The couple spent three months living in Lawton, Oklahoma for Don's training as an artillery officer, followed by two years living abroad in Germany while Don served as an atomic warhead advisor with NATO. In 1971, Jeannett was nominated for Military Wife of the Year by the 5th U.S. Army Artillery Group (USAAG), located in Büren, Westphalia. During that posting, she served as the education advisor sponsored by the University of Maryland.

Upon returning to the United States, the Slesnicks were briefly stationed at Fort Gordon, Georgia, until Don Slesnick went to serve in the Vietnam War, during which Jeannett would complete her bachelor's degree at the University of Florida, graduating in 1972. That same year, upon the completion of Don's tour of duty, the Slesnicks moved to Coral Gables, bought their first home, and Jeannett gave birth to their first child, Kathleen.

==Professional career==

Professionally, Slesnick developed a successful practice as a leading South Florida realtor. Slesnick specialized in the Coral Gables market, a historic planned community known for its Mediterranean architecture and affluent neighborhoods, and for being the most valuable real estate market in the United States after surpassing Beverly Hills and New York City in 2025. She began her career in 1975 working with Kerdyk Real Estate for nine years where she secured her realtor's license. She then went to work for EWM (Esslinger Wooten Maxwell) Realtors where she remained for over 25 years and became the firm's top producer in their Coral Gables office and further established herself in the field regionally.
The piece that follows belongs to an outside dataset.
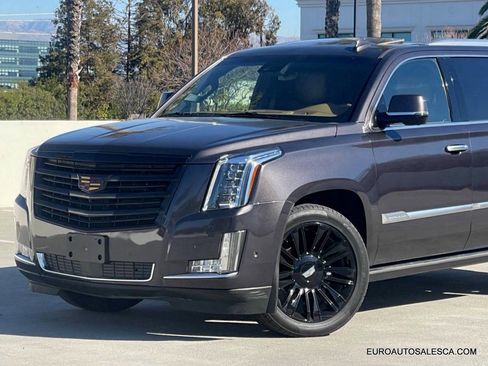 Used 2017 Cadillac Escalade ESV Platinum image 9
By the mid-1990s, Slesnick was ranked among the top one percent of realtors in the United States and had surpassed $100 million in career sales. In 2003, while at EWM, Slesnick met fellow realtor Ginger Jochem who would become a close friend and key collaborator in Slesnick's various career pursuits and projects, including publishing and public policy advocacy. In 2006 Slesnick launched her own firm, Slesnick and Associates, with Jochem after they had each achieved real estate broker status. The primary impetus for creating her own firm was a desire to deepen her philanthropic work, which required more financial resources as well as more flexibility in her schedule.
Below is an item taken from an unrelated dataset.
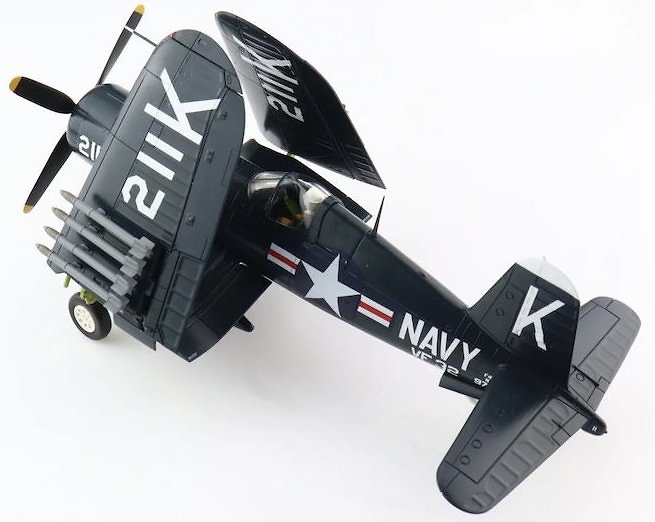 F4U-4 Corsair White 211, 97231/K piloto Ensign Jesse L. Brown, VF-32, USS Leyte, 1950, 1:48, Hobby Master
The firm proved successful early on, quickly securing their first sale with a value of $2.2 million ($3.5 million in 2025, adjusted for inflation). Later renamed Slesnick and Jochem in 2011, as the firm became more successful it would locate its offices on the grounds of the Biltmore Hotel, a prominent National Historic Landmark. The firm expanded its specialization and offerings in several primary South Florida real estate markets including Coral Gables, Brickell/Downtown Miami, Coconut Grove, and Key Biscayne. Within a decade Slesnick and Jochem would become the top listing brokerage in Coral Gables.

By 2017, she ranked in the top one-half percent of realtors nationally. Slesnick held the distinction of being the top listing agent on MLS in Coral Gables for over 30 years in terms of the number of homes listed and sold. In media interviews, Slesnick partly credited her success to her cumulative experience and deep knowledge of Coral Gables building and zoning codes.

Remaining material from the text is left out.